Gayrimenkulün Yeşil Vizyonu adlı ikinci oturumumuzda; sürdürülebilirlik çerçevesinde gayrimenkul sektöründeki risklerin, yeni iş modelleri ve fırsatlara nasıl dönüştüğü ele alınacak. Yeşil dönüşümün gayrimenkul projelerine etkisi Ziraat GYO Genel Müdürü Peyami Ömer Özdilek, GYODER Başkanı Neşecan Çekici, İMSAD Başkanı Tayfun Küçükoğlu tarafından değerlendirilecek. Panel moderatörü ise ÇEDBİK Başkan Vekili Mehmet Sami Kılıç olacak. Yeşil dönüşüm hedeflerine ulaşmada finansal araçların öneminin ele alınacağı ‘’İklim Finansmanında Riskler ve Fırsatlar’’ adlı üçüncü oturumumuz TSKB Gayrimenkul Değerlendirme Şirketi Genel Müdürü Makbule Yönel Maya moderatörlüğünde gerçekleşecek. Oturumda; T.C. Çevre, Şehircilik ve İklim değişikliği Bakanlığı Dış Kaynaklı Yatırım Daire Başkanı Esra Turan Tombak, Türkiye Kalkınma ve Yatırım Bankası Genel Müdür Yardımcısı Seçil Yıldız, Garanti BBVA Konut Finansmanı Direktörü Songül Yeşilçimenli konuşmacı olarak yer alacak. Panelde yeni fırsatların nasıl fonlanacağı, sürdürülebilir yatırımların nasıl destekleneceği ve iklim finansmanının geleceği değerlendirecek.
Bina ölçeğinden mahallelere ve şehir düzeyine uzanan akıllı & çevreci çözümlerin tartışılacağı ‘’Sürdürülebilirlik için Akıllı Çözümler’’ oturumumuzda akademi ve uygulayıcıların bakış açısından, tasarımdan uygulamaya uzanan örnekler üzerinden pratik ve yenilikçi yaklaşımlar paylaşılacak.
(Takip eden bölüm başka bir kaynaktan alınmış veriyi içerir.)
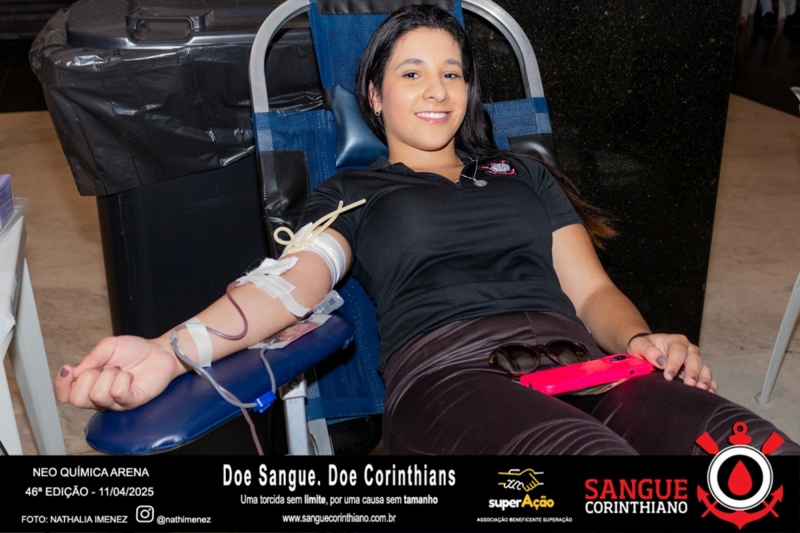 46º Edição - Campanha Sangue Corinthiano - Neo Quimíca Arena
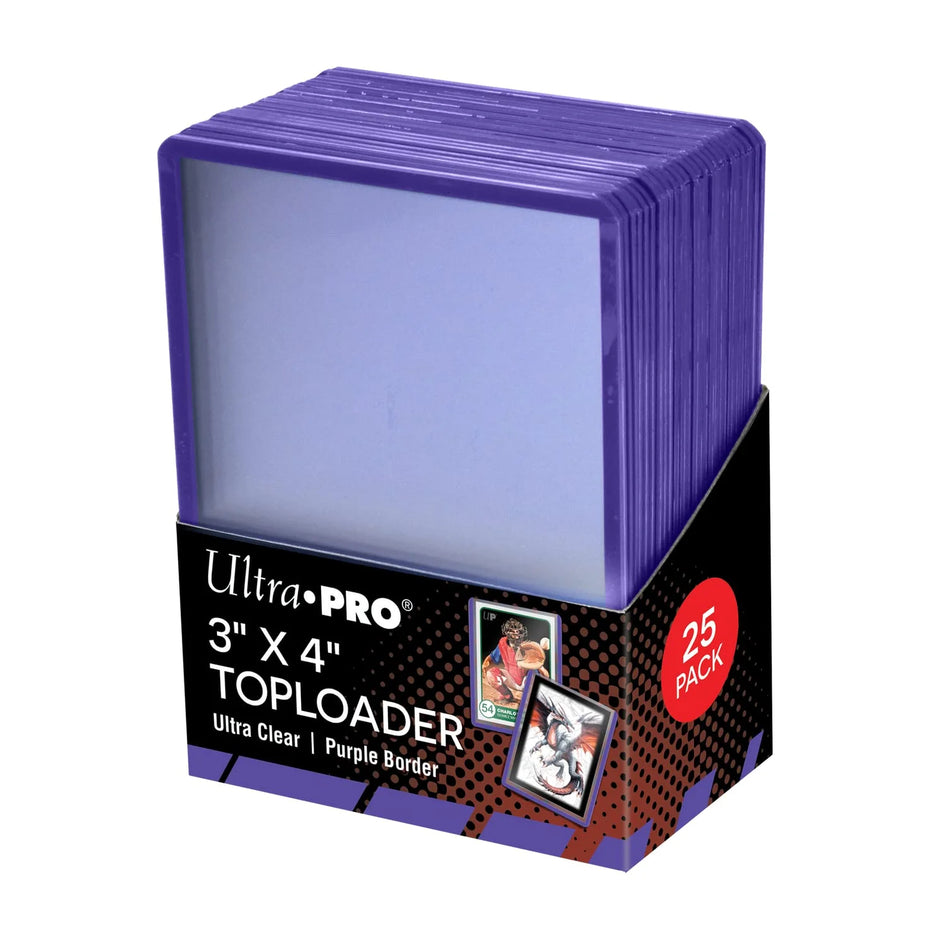 Ultra Pro - Toploader - Purple TCG Zubehör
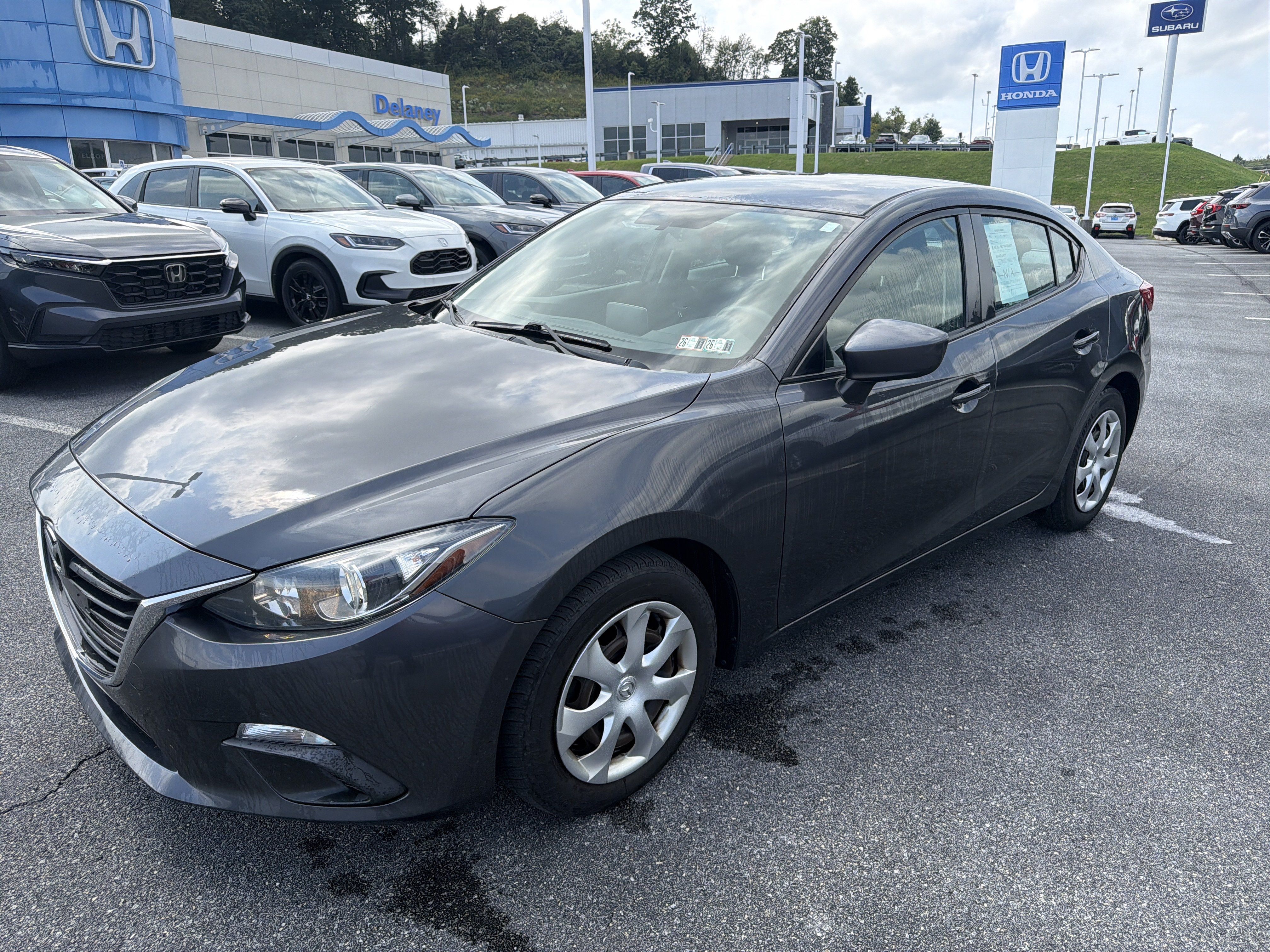 Used 2016 MAZDA MAZDA3 i Sport FWD image 13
ARUP Direktörü Timurhan Timur moderatörlüğünde gerçekleşecek oturumda; İTÜ Sürdürülebilirlik Kalkınma Uzmanı ve Eğitim Koordinatörü Prof. Dr. Hatice Ayataç, SP Mimarlık Kurucu Ortağı Sabri Paşayiğit, YES-TR Eğitim Koordinatörü Prof. Dr. Özlem Özçevik ve Formula International Genel Müdür Yardımcısı Cevahir Sevimli konuşmacı olarak yer alacak. ÇEDBİK Yönetim Kurulu Üyesi Buğrahan Şirin moderatörlüğünde gerçekleşecek kapanış oturumumuz olan ‘’Mimar Gözüyle Sürdürülebilirlik’’ te ise Mimar Murat Tabanlıoğlu ve Felsefeci Dücane Cündioğlu, zirveyi hem mimari hem de felsefi perspektiften özetleyecekler. Artan çevresel riskler karşısında mimarinin dönüştürücü gücü, sürdürülebilir tasarım ilkeleri ve geleceğe yön veren kültürel sürdürülebilir yaşam felsefisi üzerine ilham verici bir sohbetle zirvemiz son bulacak.
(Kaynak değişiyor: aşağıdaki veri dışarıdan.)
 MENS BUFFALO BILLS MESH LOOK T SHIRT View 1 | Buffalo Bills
Sürdürülebilirlik ve karbon azaltımı konusunda ciddi risklerin var. Bu konudaki riskler ve bu risklerin oluşturabileceği tehditler neler?
Bu sene her açıdan hem dünya hem Türkiye için çok zor bir yıl oldu. Ekonomik ve jeopolitik sorunlar ağırlaştı ve yaygınlaştı. Bu ortamda karar vericilerin gündeminde kısa vadeli baskılar öne çıkarken, sürdürülebilirlik ve karbon azaltımı gibi konuların çoğu zaman geri plana itildiğine şahit oluyoruz. Oysa iklim krizi, diğer tüm sorunlardan bağımsız olarak ilerleyen, gecikmenin etkilerini büyüttüğü bir risk alanı. Sürdürülebilirliğin geri plana itilmesinin en önemli tehdidi, gecikmenin maliyeti artırması. Bugün ertelenen her adım, yarın daha büyük bir uyum ve dönüşüm zorunluluğunu beraberinde getiriyor. Uluslararası politika ve finans çevreleri, iklim risklerini artık ekonomik değerlendirmelerin ayrılmaz bir parçası olarak ele alıyor. Bu nedenle sürdürülebilirlik yalnızca çevresel bir gündem değil, aynı zamanda ekonomik dayanıklılık meselesi. Özellikle şehirleşmenin yoğun olduğu ülkelerde iklim etkileri; altyapı, enerji talebi, su yönetimi ve kent güvenliği üzerinde ilave baskı oluşturuyor.
Özellikle yapı sektörü bu dönüşümün neresinde yer alıyor?
Yapı sektörü bu resmin en kritik unsurlarından biri. Uluslararası analizler, binaların ve inşaat süreçlerinin küresel enerji tüketimi ve emisyonlar içinde önemli bir paya sahip olduğunu gösteriyor. Dolayısıyla sektörün her projesinde gecikme, yalnızca çevresel değil, aynı zamanda ekonomik ve toplumsal risklerin büyümesi anlamına geliyor. Bu nedenle “bir sonraki projede başlarız” yaklaşımı, mevcut risk dinamikleriyle uyumlu değil. Gereken adımların bugünden atılması, hem ülkenin rekabet gücü hem de şehirlerin dayanıklılığı açısından zorunlu. Dünyanın diğer sorunları ne olursa olsun iklim krizi bambaşka bir ilgi ve öncelik isteyen bir sorun. Mücadelenin beş sene ertelenmesi, bir kenara konulması tüm yeryüzünü tehdit altında bırakır. Bu kapsamda mücadeleyi ertelemek en büyük hata olur. Yapı sektörü de bu mücadelenin önemli aktörlerinden biri. Mesela sürdürülebilir bir bina yapılacaksa hemen, ilk gerçekleştirecek projelerde yapılmalı. “Şu proje bitsin, bir sonrakini sürdürülebilir yapalım” yaklaşımı çok yanlış. Ne yapılacaksa hemen şimdi yapılmalı.